Essa outra forma de vida, não alienada e não subjetivada pelo direito moderno, pode ser iluminada a partir dos textos monásticos estudados por Agamben (2013). Ali, Agamben se propõe a refletir uma “forma de vida” que não seja capturada pelo direito, bem como um “uso dos corpos e do mundo” que não fosse convertido em propriedade. Se o direito moderno captura e excepciona a vida (Agamben, 2004), o comunismo que estamos a tracejar poderia indicar um outro modo de vida que produz e usa o mundo, sem, contudo, convertê-lo em propriedade privada, isto é, sem cercá-lo e impedir todos os outros de sua fruição.

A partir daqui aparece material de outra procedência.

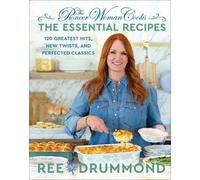 The Pioneer Woman Cooks-The Essential Recipes: 120 Greatest Hits, New Twists,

Uma inspiração desse outro regime de vida poderia comunicar-se com o enunciado de Atos, 4, 32: “A multidão dos fiéis era um só coração e uma só alma. Ninguém dizia que eram suas as coisas que possuía, mas tudo entre eles era comum (omnia communia).” Essa comunidade está oposta a pretensões proprietárias, isto é, pretensões de cercamento e de exclusão. Contudo, o comum que se constitui não diz respeito apenas a uma dimensão material, mas, essencialmente, a uma nova subjetividade que vincula os homens em comunidade (cor et anima una). Aparenta-nos, pois, ser essa forma de vida o oposto à alienação constitutiva da propriedade privada moderna. Nesse sentido, a comunidade de que nos fala Esposito (2003, 2013) não vem nos indicar ser proprietário de uma coisa ou de uma identidade. Etimologicamente, comunidade justapõe um cum, que vem a ser um vínculo, um múnus, no mais das vezes, traduzível como uma obrigação, um ofício, um encargo. Logo, a comunidade é constituída, exatamente, por uma falta, uma falha original, que vincula os sujeitos em comum obrigação para com os outros. Ao invés de um fechamento identitário, a comunidade indica-nos uma abertura obrigacional ao outro, mas que não se resolve comutativamente pela troca de valores equivalentes. Essa falta que nos vincula em comunidade quer nos dizer que um “dever” une os sujeitos da comunidade (…) que faz com que não sejam inteiramente donos de si mesmos (…) expropria-os, em parte ou inteiramente, sua propriedade inicial, sua propriedade mais própria, isto é, sua subjetividade (Esposito, 2003, p. 30).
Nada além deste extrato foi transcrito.